The silence had filled the room. Or- At least our table. I shouldn't have spoken. I shouldn't have spoken. I shouldn't have spoken. I shouldn't have spoken. I shouldn't have- "Marshall!" His eyebrows had knotted together in an annoyed rage. He clenched the jacket resting between his fingers before opening his mouth. I want him to say something. Anything. Please. Please Marshall-

But he didn't. I can only stare at him while he angrily stares back, hurt, aggravated, angry, I'm not sure. But it's not a positive feeling. I- He turns for the door and I panic. I can see him push the door open. I can only quickly pay what I owe to the waitress before rushing out of the door, rushing after him. "Marshall! I'm sorry! Please- It- It just slipped out!" I keep running, noticing him speeding up. Refusing to respond to me. "Marsh- Marshy! Come on!" I can't let him leave- I need to explain myself. Say something smart. Anything. "It's not my fault! I thought you'd like someone like that!" That sure catches his attention - not in a good way - but he stops. And while he does so, I stumble over my two feet to stop mere feet away from him.

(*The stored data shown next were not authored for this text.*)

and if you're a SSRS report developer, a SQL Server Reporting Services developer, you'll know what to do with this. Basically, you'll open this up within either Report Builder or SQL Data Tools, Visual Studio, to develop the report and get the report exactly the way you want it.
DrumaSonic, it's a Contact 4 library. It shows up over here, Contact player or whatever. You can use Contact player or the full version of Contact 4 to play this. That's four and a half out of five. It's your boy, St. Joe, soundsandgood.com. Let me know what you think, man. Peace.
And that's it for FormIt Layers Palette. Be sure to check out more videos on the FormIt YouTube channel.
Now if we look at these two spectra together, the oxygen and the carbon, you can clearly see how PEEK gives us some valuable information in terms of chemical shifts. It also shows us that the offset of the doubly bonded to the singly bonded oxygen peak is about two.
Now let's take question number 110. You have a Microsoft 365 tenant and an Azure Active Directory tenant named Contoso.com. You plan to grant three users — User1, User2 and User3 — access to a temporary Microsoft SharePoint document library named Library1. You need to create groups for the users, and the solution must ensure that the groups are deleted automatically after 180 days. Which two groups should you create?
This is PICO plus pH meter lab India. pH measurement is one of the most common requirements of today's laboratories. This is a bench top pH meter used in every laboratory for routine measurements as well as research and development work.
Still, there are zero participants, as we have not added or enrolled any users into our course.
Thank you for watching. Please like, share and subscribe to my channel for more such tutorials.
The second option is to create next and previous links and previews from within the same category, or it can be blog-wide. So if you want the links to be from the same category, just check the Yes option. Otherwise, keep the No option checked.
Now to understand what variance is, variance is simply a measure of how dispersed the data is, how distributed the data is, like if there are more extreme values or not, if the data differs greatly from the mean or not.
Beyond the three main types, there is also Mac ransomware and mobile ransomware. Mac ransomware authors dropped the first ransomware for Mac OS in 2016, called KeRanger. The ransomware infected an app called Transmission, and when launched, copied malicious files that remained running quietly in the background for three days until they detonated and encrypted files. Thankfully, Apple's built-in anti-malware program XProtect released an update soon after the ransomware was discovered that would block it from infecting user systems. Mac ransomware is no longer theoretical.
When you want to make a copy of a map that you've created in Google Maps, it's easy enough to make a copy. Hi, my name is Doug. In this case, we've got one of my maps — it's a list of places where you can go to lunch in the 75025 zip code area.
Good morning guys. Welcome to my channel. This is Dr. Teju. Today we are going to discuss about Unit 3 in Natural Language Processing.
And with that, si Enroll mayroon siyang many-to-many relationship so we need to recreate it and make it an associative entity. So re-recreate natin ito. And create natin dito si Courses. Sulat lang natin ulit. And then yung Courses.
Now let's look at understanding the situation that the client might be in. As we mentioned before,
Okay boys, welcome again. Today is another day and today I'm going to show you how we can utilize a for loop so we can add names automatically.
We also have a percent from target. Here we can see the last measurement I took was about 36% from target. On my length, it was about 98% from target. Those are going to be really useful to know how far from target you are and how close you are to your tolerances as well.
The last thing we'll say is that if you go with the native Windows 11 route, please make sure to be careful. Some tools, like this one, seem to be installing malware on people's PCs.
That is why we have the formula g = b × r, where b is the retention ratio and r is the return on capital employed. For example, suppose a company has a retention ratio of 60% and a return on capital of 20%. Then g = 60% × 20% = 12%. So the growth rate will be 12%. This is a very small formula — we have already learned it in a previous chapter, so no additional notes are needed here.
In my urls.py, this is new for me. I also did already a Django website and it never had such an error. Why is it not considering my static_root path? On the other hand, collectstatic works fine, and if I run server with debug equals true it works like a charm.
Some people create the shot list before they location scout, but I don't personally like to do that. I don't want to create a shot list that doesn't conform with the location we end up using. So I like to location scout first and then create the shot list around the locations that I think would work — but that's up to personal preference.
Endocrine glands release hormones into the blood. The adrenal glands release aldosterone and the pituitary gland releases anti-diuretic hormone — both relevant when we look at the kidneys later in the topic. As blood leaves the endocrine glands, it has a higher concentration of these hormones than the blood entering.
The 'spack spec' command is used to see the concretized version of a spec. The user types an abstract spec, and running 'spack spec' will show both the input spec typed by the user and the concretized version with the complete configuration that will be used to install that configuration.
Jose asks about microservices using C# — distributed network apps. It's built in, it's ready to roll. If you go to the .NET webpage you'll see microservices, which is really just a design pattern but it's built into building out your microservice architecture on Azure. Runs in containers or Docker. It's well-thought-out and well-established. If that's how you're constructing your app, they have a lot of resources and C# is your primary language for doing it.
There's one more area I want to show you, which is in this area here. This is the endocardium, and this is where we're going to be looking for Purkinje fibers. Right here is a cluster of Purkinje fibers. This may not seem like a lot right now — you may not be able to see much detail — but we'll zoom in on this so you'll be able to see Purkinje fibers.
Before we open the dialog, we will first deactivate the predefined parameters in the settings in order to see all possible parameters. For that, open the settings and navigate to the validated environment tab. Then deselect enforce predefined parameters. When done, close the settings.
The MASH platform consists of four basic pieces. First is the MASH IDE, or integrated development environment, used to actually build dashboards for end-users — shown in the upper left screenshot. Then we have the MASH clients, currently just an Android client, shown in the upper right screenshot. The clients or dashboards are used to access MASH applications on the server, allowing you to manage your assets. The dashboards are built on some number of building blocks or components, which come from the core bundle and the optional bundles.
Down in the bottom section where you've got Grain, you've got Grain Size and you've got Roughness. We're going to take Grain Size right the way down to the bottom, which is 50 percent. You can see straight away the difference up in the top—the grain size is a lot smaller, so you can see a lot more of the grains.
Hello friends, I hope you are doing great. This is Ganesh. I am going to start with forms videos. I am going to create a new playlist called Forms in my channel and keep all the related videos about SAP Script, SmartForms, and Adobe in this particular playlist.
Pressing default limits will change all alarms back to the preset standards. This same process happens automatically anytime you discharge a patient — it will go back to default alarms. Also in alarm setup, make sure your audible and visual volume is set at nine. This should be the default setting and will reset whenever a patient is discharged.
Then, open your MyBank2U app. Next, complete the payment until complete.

And those eyebrows - still knitted together - in pain. "Is that what you think of me..? Bubba is that what I am to you?" Fuck. I- "No Marshall-" I'm yet again interrupted. "Hah, and here I thought you wouldn't ever hurt me any more than I've hurt myself. I'm not some self-absorbed horny fuck who only cares about sex. I have feelings, y'know? I might flirt a lot, and mess around a lot, but I do have feelings. Feelings you never asked me about. Feelings I fucking hate you for - but I hate myself even more for resenting you for it. Because it's not your fault that I have so much hatred for you. That any time you speak- I can't- I need to process.."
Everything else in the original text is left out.